Rettet Linda!
Ein Lehrstück in Sachen Demokratie oder die Macht des Marktes ...
Sie kennen Linda nicht? Ich gehe jede Wette ein, dass auch Sie Linda bereits dutzendfach vernascht haben! Linda wurde 1974 geboren, ist eine wohlgeformte, appetitliche Schönheit mit glatter, goldgelber Haut südamerikanischen Ursprungs - oder profaner ausgedrückt: eine Kartoffelsorte.
Knollenkenner, Landwirte und Gourmets sind sich einig, dass sie derzeit die Königin unter diesen Nachtschattengewächsen ist, weil sie sich durch folgende Eigenschaften auszeichnet: glattschalig, ovale Form, festkochend, würzig-intensiver Geschmack, cremig-buttrige Konsistenz, appetitlich gold-gelbe Farbe und bei alledem auch noch sehr gut lagerfähig.
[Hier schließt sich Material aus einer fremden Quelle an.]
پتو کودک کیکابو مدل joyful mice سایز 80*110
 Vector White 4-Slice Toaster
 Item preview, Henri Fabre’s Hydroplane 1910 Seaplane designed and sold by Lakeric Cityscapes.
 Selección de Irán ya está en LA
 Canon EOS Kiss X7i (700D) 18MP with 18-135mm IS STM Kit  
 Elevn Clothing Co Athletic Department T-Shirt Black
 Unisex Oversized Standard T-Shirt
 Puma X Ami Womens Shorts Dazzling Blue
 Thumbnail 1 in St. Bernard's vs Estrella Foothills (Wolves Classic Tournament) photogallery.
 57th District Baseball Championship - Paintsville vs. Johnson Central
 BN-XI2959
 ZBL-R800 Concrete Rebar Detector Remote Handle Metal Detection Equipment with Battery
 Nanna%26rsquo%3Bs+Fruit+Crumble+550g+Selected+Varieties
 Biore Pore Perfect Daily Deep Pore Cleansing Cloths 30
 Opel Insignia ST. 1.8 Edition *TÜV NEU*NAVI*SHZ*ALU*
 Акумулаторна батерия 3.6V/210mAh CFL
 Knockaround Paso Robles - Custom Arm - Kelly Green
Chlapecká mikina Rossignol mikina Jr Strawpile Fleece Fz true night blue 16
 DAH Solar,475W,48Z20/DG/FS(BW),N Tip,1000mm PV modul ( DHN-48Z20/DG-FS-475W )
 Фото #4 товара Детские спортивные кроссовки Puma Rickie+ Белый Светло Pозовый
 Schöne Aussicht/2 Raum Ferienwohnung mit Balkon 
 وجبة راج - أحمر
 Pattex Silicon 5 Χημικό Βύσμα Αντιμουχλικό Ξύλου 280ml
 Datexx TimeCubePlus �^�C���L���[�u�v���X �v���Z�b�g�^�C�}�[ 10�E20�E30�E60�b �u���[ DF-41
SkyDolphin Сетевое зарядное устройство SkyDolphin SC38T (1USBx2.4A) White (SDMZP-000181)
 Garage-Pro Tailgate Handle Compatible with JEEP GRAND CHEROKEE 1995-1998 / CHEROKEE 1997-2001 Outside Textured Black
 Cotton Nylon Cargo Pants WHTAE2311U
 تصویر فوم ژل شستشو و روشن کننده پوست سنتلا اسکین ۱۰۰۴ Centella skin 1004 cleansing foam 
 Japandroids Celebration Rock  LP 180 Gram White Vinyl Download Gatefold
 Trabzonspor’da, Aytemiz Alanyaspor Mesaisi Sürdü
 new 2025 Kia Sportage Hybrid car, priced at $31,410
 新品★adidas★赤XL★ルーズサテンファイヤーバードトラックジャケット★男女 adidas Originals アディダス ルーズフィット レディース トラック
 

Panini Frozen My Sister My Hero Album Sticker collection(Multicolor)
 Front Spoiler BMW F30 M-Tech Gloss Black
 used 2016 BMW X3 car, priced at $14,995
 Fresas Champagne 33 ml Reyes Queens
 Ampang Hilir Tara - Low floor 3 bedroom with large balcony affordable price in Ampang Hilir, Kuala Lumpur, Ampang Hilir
Linda soll aber nun, trotz 30-jähriger Bewährung und Erfolgsgeschichte, spätestens im nächsten Jahr für immer vom Markt verschwinden, und jeder halbwegs verstandesbegabte Mensch muss sich verwundert fragen, warum. Erklärbar wird dies durch die ehemals deutsche Regelungs-, Gesetzgebungs- und Normierungswut, die sich bei den entsprechenden Gremien des EU-Marktes immer noch weiter steigerungsfähig zeigt. Lindas Erzeuger, ein Lüneburger Züchtungsunternehmen, namens ‚Europlant’, erwarb vor 30 Jahren die Zulassung und die Lizenz für das In-Verkehr-Bringen des Saatgutes für die genannte Kartoffelsorte, also eine Art „copyright für Linda“. Damit verbunden ist, dass nur die Firma Europlant das Saatgut in den Handel bringen durfte und alle Landwirte, die das Saatgut bezogen, an Europlant Lizenzgebühren zu zahlen hatten. Die hinter diesem Verfahren stehende, strenge Gesetzgebung soll unter anderem die Einhaltung der Qualitätskriterien in Bezug auf Sortenreinheit, die Einhaltung der EU-weit geltenden Markt-Klassifizierung in Bezug auf äußerliche Form, Größe und Beschaffenheit eines landwirtschaftlichen Produkts gewährleisten und des Weiteren, dem Züchter durch dieses Verfahren eine Möglichkeit der Re-Finanzierung seines Forschungs-, Züchtungs-, Entwicklungs- und Zulassungsaufwandes ermöglichen. Andererseits soll dadurch verhindert werden, dass irgendein x-beliebiger (Nach)-Züchter eine minderwertigere Kartoffel unter dem gleichen Namen in den Handel bringen und damit ungerechtfertigt Geld verdienen kann. Pro Pflanzensorte, für die beim Bundessortenamt in Hannover eine Zulassung beantragt wird, kann der Antragsteller eine Lizenz über 30 Jahre erhalten. Diese ist im Falle ‚Linda’ per 31.12.04 abgelaufen. Somit dürfte nach dem Sortenschutzgesetz nun jedermann ‚Linda’ weiterzüchten, handeln und verkaufen, ohne weitere Lizenzgebühren an den ursprünglichen Züchter entrichten zu müssen.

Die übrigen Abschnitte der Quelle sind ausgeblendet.